Since it is a day off for me today, I decided to give Amazon Relational Database Service a try. Amazon RDS has SQL Server, Oracle and MySQL as databases available.

You can try it out for free if you are a new AWS customer

Amazon RDS for SQL Server – Free Tier

New AWS customers can get started with Amazon RDS for SQL Server for free and receive the following Amazon RDS for SQL Server resources each month for free:

750 hours of Amazon RDS for SQL Server Micro DB Instance usage (running SQL Server Express Edition in a single Availability Zone) – enough hours to run a DB Instance continuously each month

20 GB of database storage

10 million I/Os

20 GB of backup storage for your automated database backups and any user-initiated DB Snapshots

Click here to learn more about the offer.

You can find all the details here: http://aws.amazon.com/rds/free/

Here is what is available for SQL Server

_Micro DB Instance

630 MB memory, Up to 2 ECU (for short periodic bursts), 64-bit platform, Low I/O Capacity, Provisioned IOPS Optimized: No

Small DB Instance

1.7 GB memory, 1 ECU (1 virtual core with 1 ECU), 64-bit platform, Moderate I/O Capacity, Provisioned IOPS Optimized: No

Medium DB Instance

3.75 GB memory, 2 ECU (1 virtual core with 2 ECU), 64-bit platform, Moderate I/O Capacity, Provisioned IOPS Optimized: No

Large DB Instance

7.5 GB memory, 4 ECUs (2 virtual cores with 2 ECUs each), 64-bit platform, High I/O Capacity, Provisioned IOPS Optimized: 500Mbps

Extra Large DB Instance

15 GB of memory, 8 ECUs (4 virtual cores with 2 ECUs each), 64-bit platform, High I/O Capacity, Provisioned IOPS Optimized: 1000Mbps

High-Memory Extra Large DB Instance

17.1 GB memory, 6.5 ECU (2 virtual cores with 3.25 ECUs each), 64-bit platform, High I/O Capacity, Provisioned IOPS Optimized: No

High-Memory Double Extra Large DB Instance

34 GB of memory, 13 ECUs (4 virtual cores with 3,25 ECUs each), 64-bit platform, High I/O Capacity, Provisioned IOPS Optimized: No

High-Memory Quadruple Extra Large DB Instance

68 GB of memory, 26 ECUs (8 virtual cores with 3.25 ECUs each), 64-bit platform, High I/O Capacity, Provisioned IOPS Optimized: 1000Mbps

Once you have signed up and have been verified over the phone, you can create an instance. Create a database is very very easy. You start up a wizard, fill in some info and you are ready to go.

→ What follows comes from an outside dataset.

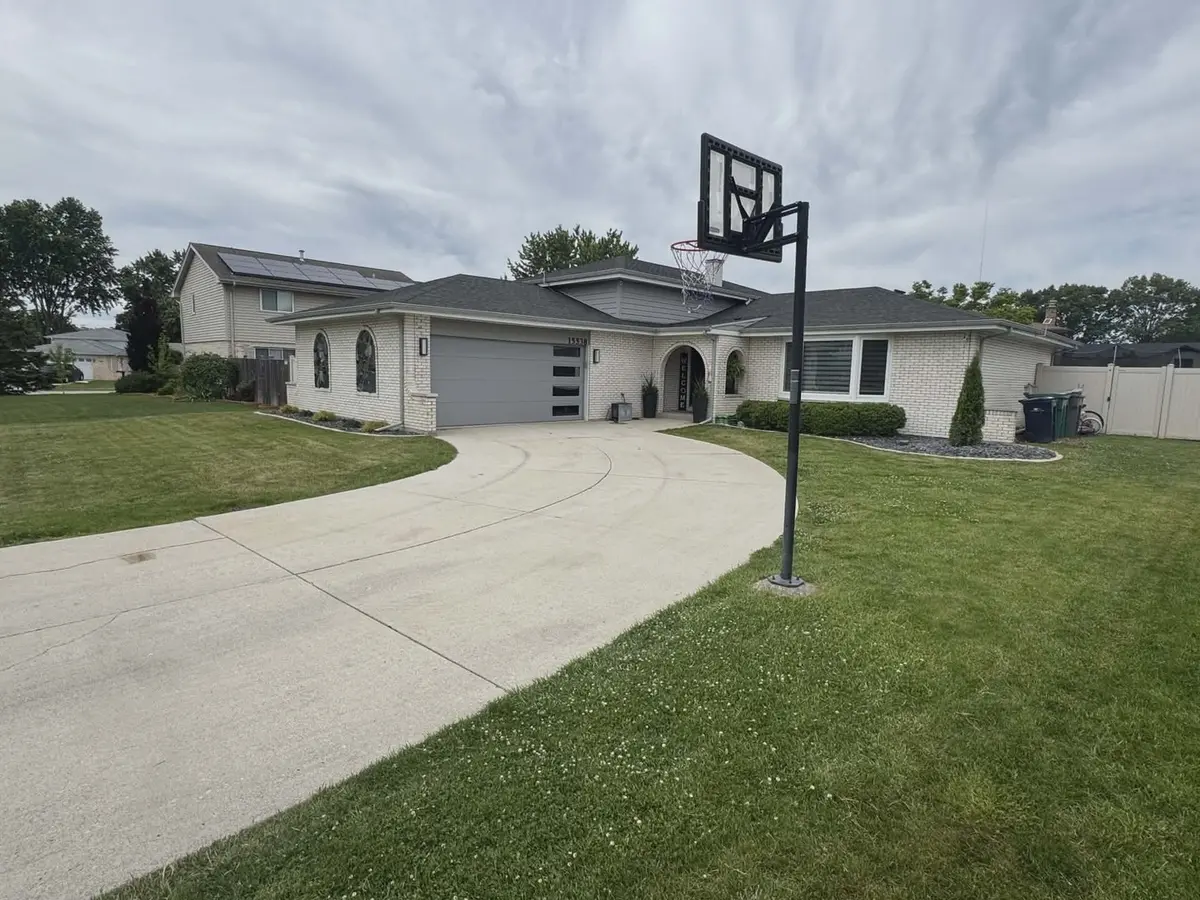 15538 S 82nd AVE, Orland Park, IL 60462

Setting up an AWS RDS instance

Here is what the multi-step process looks like

First you need to select the database engine, you can choose from MySQL, Oracle and SQL Server. Pick the edition that you want

Give your database a name, specify storage, add a user and a password

Pick the port, the availiblity zone

Specify the backup and maintenance windows as well as the retention period

Now it is all ready

After this is all done, you will get a summary page where everything is displayed about your instance.

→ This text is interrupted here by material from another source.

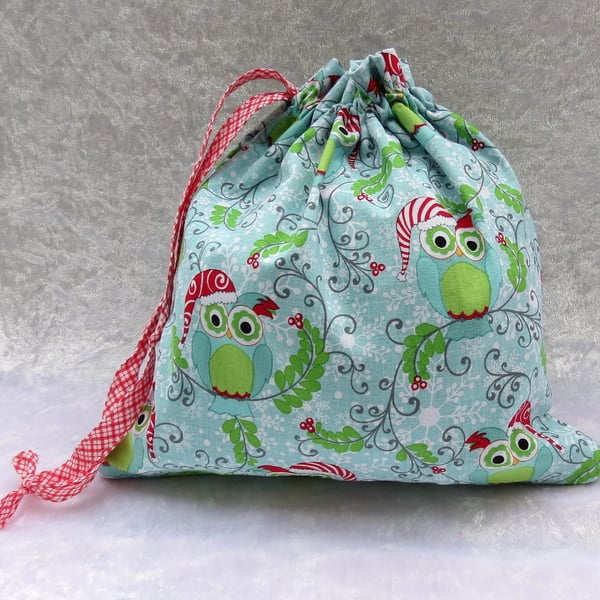 Drawstring bag, drawstring pouch, Christmas, 26cm x 25cm, owls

Next go to your db instance, it takes about 15 minutes before it is available. Click on the checkmark next to your instance and you will see something like this

Notice the endpoint and the port? Remember those, you will need those to connect to your SQL server instance.

Setting up DB Security Groups

Before trying to connect you have to give access

DB Security Groups

Each DB security group rule enables a specific source to access a DB instance that is a member of that DB security group. The source can be a range of addresses (e.g., 203.0.113.0/24), or an EC2 security group. When you specify an EC2 security group as the source, you allow incoming traffic from all EC2 instances that use that EC2 security group. Note that DB security group rules apply to inbound traffic only; outbound traffic is not currently permitted for DB instances.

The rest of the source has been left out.